Deux mille ans de christianisme ont appris aux Églises à marcher avec Dieu, avec le Christ, à garder ses commandements, à dégager progressivement le monde de l’emprise sans avenir du siècle (possession, jouissance, domination), à expérimenter le sacrement de la mort et de la résurrection, à initier quelques-uns à l’amour de Dieu pour les hommes. Les défaillances des Églises n’ont pas empêché le Christ toujours présent de se donner aux hommes (par exemple par les sacrements), d’admirer leur foi, de fustiger leurs perversions, de guérir les malades, de maintenir l’élue – l’Église – tournée vers le haut et d’opérer en ses disciples la volonté du Père : s’aimer les uns les autres.
Pendant ces mêmes temps, l’œuvre spécifique du Saint-Esprit – l’adaptation des hommes à la vie
divine – a connu et connaît toujours une carrière plus faible et plus lente que l’œuvre du Christ. L’Église, particulièrement en Occident européen, n’a pas vraiment entrepris de « baptiser les nations » en plus de baptiser les individus.
Et qu’est-ce que le baptême des nations ? Les aider à assumer leur propre identité, leurs cadres physiques, psychiques, spirituels, religieux, et à expérimenter en même temps la présence de l’Esprit de Dieu.

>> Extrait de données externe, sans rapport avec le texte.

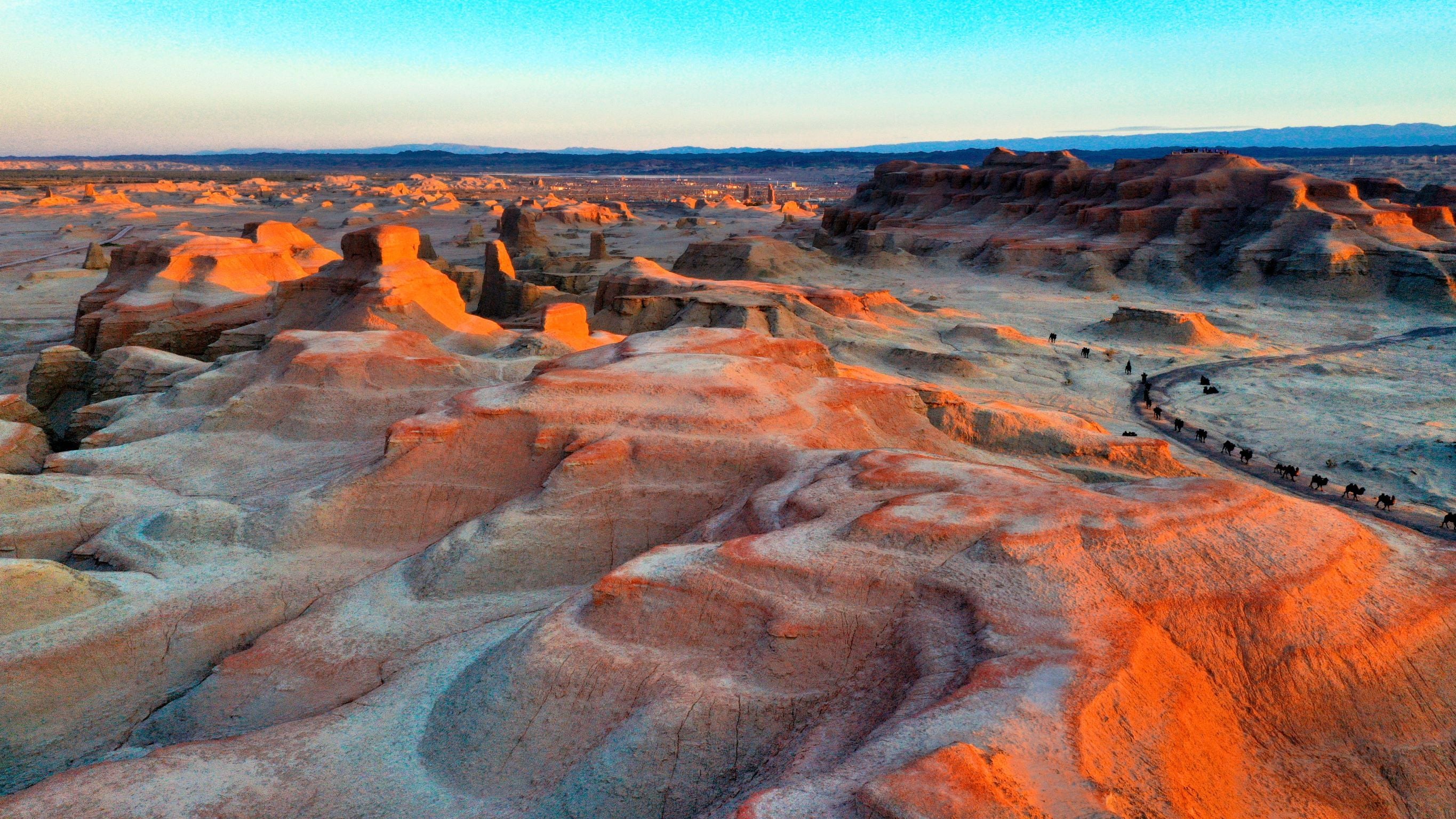 6-Day Xinjiang Desert Tour: Turpan, Hami & Off-Road Adventure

Cette présence, celle de Dieu en nous, sauvegarde la réalité des peuples, écarte leur dissolution dans une culture et une civilisation uniformes, tout en les dirigeant vers la civilisation divine (l’unité de la Trinité ou l’union de ceux qui sont distincts).

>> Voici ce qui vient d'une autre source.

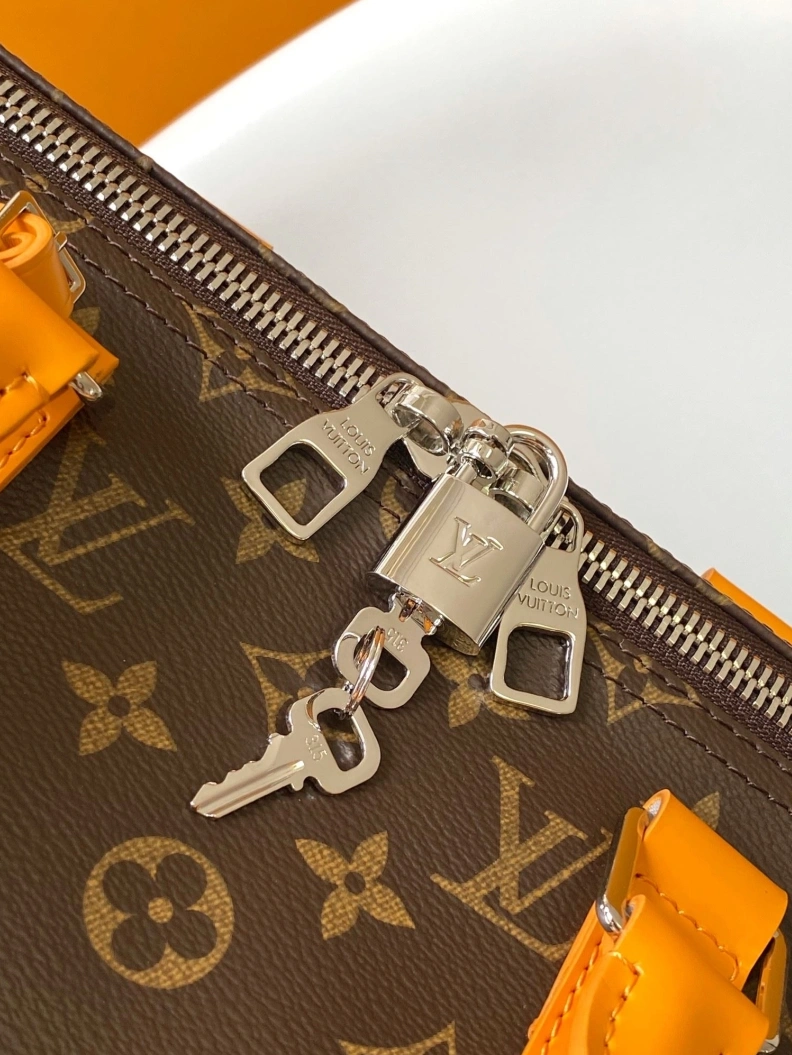Sophisticated LX Travel Bags 6852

Le primat accordé par l’Église à l’œuvre du Christ dans le monde par rapport à l’œuvre de l’Esprit fut sans doute nécessaire pour permettre de semer d’abord les graines de la puissance évangélique avant d’en espérer les fruits. Ce fut également nécessaire pour laisser l’Esprit de Dieu, qui pénètre au cœur des cultures et des civilisations, de différencier les nations de l’univers.

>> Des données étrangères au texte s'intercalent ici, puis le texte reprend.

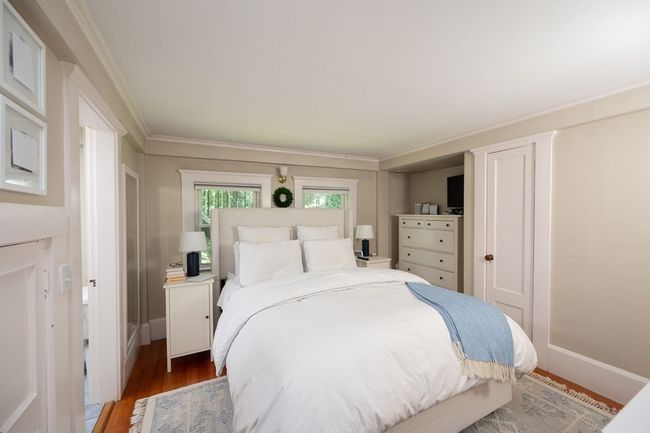 10 - 8 East St, Home with 9 bedrooms, 7 bathrooms and 6 parking in Hingham MA | Image 32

Une loi de l’histoire des peuples, après les crises de civilisation et après les guerres, se vérifie maintenant en ce début de XXIe siècle : les peuples, tous aimés de Dieu, tous discernés par l’Esprit, doivent être libérés par la vérité, par la prière et par la vie. Dieu prépare alors les conditionnements de cette libération. Il projette les Églises des nations, celles qui se sont formées au sein des peuples durant les périodes successives de l’histoire, dans tous les territoires. Et ces Églises se côtoient, se rencontrent et vivent maintenant partout dans l’univers sur un même territoire.
Alors tous ceux qui forment ces Églises, tous ceux qui ont marché avec le Christ, se questionnent maintenant sur le chemin à prendre pour introduire les nations, telles que l’Esprit qui vit en elles les a suscitées, dans la mentalité et l’expérience libératrice du Nouveau Testament.
Cette question est précisée dans le Symbole de Nicée comme la tâche chrétienne de notre temps. Après avoir proclamé en effet « l’Église une, sainte, catholique et apostolique » le Symbole de Nicée dit : « Je crois en un seul baptême pour la rémission des péchés… » L’Église a été la grande question chrétienne entre le XVIe et le XXe siècle. Il s’agit maintenant de joindre «l’Esprit-Saint et l’Église» pour baptiser les peuples.
Toute Église qui voit clairement ce rôle et qui commence sa réalisation prépare le deuxième Avènement du Christ et la Jérusalem céleste où Dieu sera tout en tous.
1. Saint Irénée, Contre les hérésies, ch. 3, p. 303, éd. Sources chrétiennes.
2. Saint Irénée, Contre les hérésies, ch. 3, p. 305, éd. Sources chrétiennes.